Arrossii, nonostante fosse il mio caro cugino di primo grado, ma cercai di non pensarci.
- Grazie. Devo dire che anche tu hai un certo stile - mi complimentai.
Christopher indossava un'elegante camicia bianca e un paio di pantaloni ben stirati. L'esatto opposto di Stephen. Probabilmente sarebbe stato il fratello a usare i gemelli.
Chris sorrise. Stava per aggiungere dell'altro, ma una gelida ventata di freddo riempì l'ingresso, colpendomi alle spalle.
Rabbrividii e mi voltai per vedere chi fosse entrato: una coppia, una ragazza e un ragazzo. Lei indossava uno striminzito tubino nero che non le arrivava neanche alle ginocchia e i capelli scuri erano intrecciati al lato del collo. Per non parlare dei tacchi a spillo altissimi. Era da ammirare: avrebbe potuto esibirsi come equilibrista al circo, cosa non da poco.

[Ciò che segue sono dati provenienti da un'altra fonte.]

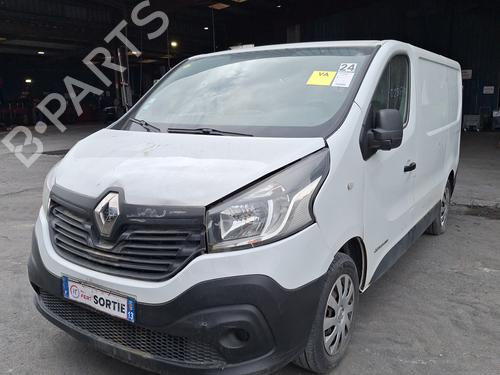 Front wiper motor RENAULT TRAFIC III Van (FG_) 1.6 dCi 115 (FGMD) | BP27179060M29  - Image 16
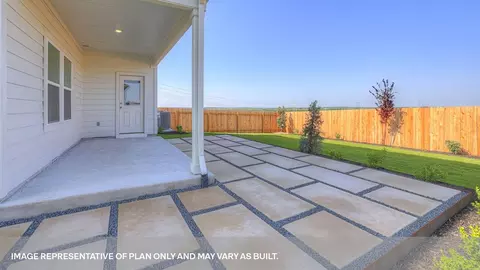 Exterior - 336 Bollinger Blvd, Maxwell, TX 78656 photo 3 of 11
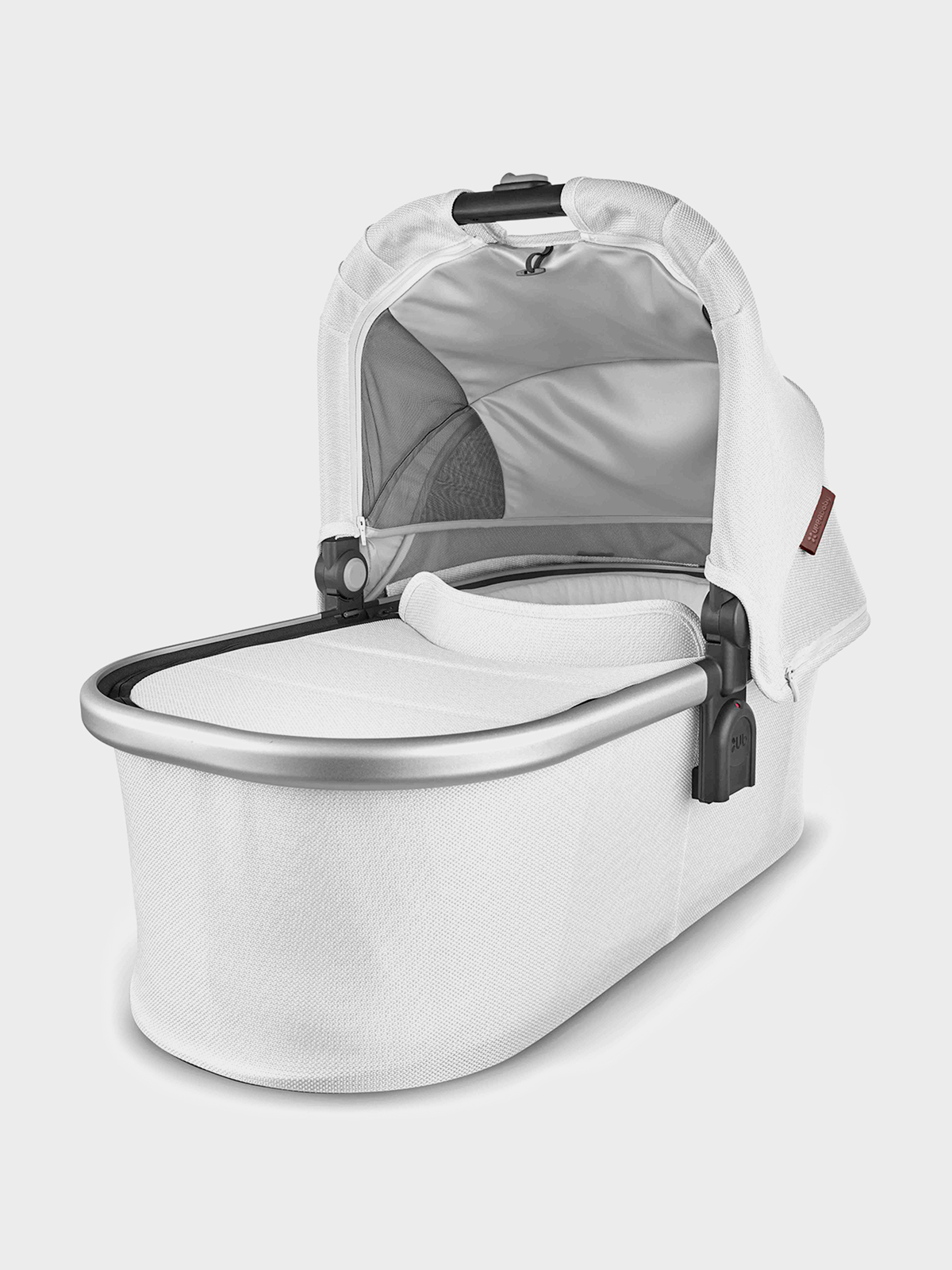 Люлька для коляски Cruz и Vista Bryce жемчужно-белый UPPAbaby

Al ragazzo, invece, il look grintoso donava. Indossava una camicia aderente nera, pantaloni neri sfilacciati e mocassini con le borchie. Tra le braccia reggeva una giacca di pelle. Nera. Tutto molto simile al look di Stephen, ma a quel ragazzo tenebroso stava decisamente meglio, perché il suo viso...
Fu come essere pugnalati alla schiena da una lama gelida, ghiacciata. Il freddo si espanse veloce all'interno del mio corpo, facendomi rizzare i peli della nuca.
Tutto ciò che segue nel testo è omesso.